New trends towards speedy IR-UWB techniques

Wireless communications have been dominated by transmission schemes based on conventional narrowband technology. Therefore, narrowband systems are unable to increase higher data-rates in wireless communication applications, which cause Inter Symbol Interference (ISI) due to multipath fading phenomenon that can be resolved at the receivers. Several implementation schemes for Impulse-Radio (IR) Ultra-Wide Band (UWB) systems have been presented. These include methods such as Transmit Reference (TR) and Frequency-Shifted Reference (FSR), which can overcome the complexity of channel estimation by transmitting reference pulses separated by a shift in time and frequency, respectively. Code-Shifted Reference (CSR) has been proposed for IR-UWB transmission. The CSR scheme with UWB systems has been found to achieve a better performance than the previous schemes.

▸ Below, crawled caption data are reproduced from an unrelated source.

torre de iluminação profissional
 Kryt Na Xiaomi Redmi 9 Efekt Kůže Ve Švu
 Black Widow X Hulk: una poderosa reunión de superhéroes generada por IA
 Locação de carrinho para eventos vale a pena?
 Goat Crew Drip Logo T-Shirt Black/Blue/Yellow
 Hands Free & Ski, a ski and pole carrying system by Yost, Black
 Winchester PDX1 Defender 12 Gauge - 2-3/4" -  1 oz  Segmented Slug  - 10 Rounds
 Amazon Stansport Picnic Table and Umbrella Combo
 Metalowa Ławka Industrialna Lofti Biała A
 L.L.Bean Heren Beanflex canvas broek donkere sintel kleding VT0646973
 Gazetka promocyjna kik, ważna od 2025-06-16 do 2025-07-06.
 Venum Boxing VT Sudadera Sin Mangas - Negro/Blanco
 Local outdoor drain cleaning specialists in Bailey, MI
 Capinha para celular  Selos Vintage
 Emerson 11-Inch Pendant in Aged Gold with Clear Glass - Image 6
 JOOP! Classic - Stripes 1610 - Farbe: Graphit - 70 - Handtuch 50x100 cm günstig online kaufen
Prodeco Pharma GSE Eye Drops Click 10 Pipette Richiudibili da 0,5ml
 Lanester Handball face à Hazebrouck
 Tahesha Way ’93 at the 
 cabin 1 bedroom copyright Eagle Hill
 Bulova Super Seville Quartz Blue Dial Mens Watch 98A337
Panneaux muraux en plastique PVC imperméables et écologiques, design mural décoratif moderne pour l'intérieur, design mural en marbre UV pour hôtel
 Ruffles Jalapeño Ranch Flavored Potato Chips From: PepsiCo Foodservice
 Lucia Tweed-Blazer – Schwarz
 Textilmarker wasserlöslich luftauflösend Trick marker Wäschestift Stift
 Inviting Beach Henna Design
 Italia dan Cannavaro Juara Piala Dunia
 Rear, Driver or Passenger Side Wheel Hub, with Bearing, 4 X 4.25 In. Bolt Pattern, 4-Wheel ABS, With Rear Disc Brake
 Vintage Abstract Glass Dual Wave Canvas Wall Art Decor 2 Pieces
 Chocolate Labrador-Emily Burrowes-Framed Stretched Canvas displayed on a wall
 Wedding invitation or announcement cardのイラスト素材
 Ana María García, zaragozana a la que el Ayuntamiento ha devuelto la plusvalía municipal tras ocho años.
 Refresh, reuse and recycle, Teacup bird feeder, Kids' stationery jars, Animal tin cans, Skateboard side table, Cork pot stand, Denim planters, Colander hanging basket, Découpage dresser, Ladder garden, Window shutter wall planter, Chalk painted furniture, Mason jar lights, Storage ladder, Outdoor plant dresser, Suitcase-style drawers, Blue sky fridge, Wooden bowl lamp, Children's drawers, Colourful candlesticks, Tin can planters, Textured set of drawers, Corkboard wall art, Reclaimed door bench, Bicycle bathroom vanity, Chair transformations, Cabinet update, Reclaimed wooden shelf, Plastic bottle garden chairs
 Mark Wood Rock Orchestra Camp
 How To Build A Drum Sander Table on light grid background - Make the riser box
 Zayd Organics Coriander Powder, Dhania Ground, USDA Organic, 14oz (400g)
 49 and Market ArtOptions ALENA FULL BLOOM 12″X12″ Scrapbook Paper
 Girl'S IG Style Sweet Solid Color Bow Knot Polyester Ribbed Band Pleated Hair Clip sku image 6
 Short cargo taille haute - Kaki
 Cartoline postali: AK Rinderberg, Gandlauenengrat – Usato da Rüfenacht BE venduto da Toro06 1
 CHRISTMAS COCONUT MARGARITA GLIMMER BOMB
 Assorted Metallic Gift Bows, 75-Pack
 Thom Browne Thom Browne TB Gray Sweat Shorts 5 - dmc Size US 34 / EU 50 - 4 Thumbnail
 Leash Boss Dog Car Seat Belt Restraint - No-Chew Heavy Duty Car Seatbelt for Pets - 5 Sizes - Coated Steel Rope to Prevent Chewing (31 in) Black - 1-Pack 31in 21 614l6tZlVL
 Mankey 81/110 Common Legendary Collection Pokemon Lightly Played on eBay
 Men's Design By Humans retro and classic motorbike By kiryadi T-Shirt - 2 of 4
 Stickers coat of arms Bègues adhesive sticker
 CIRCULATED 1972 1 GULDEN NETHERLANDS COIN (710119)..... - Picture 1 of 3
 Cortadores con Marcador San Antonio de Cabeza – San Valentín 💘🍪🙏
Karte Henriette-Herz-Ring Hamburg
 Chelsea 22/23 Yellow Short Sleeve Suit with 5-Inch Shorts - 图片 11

In order to improve system performance, the CSR scheme was extended to the Differential CSR (DSCR) to reduce the power used to transmit the reference pulse sequence. This Paper includes the methods of Rake Receiver, TR, Frequency-Shift Reference (FSR), emerging CSR and DCSR. A brief discussion is given for each method followed by a performance comparison between DCSR and CSR, TR and FSR Rake methods.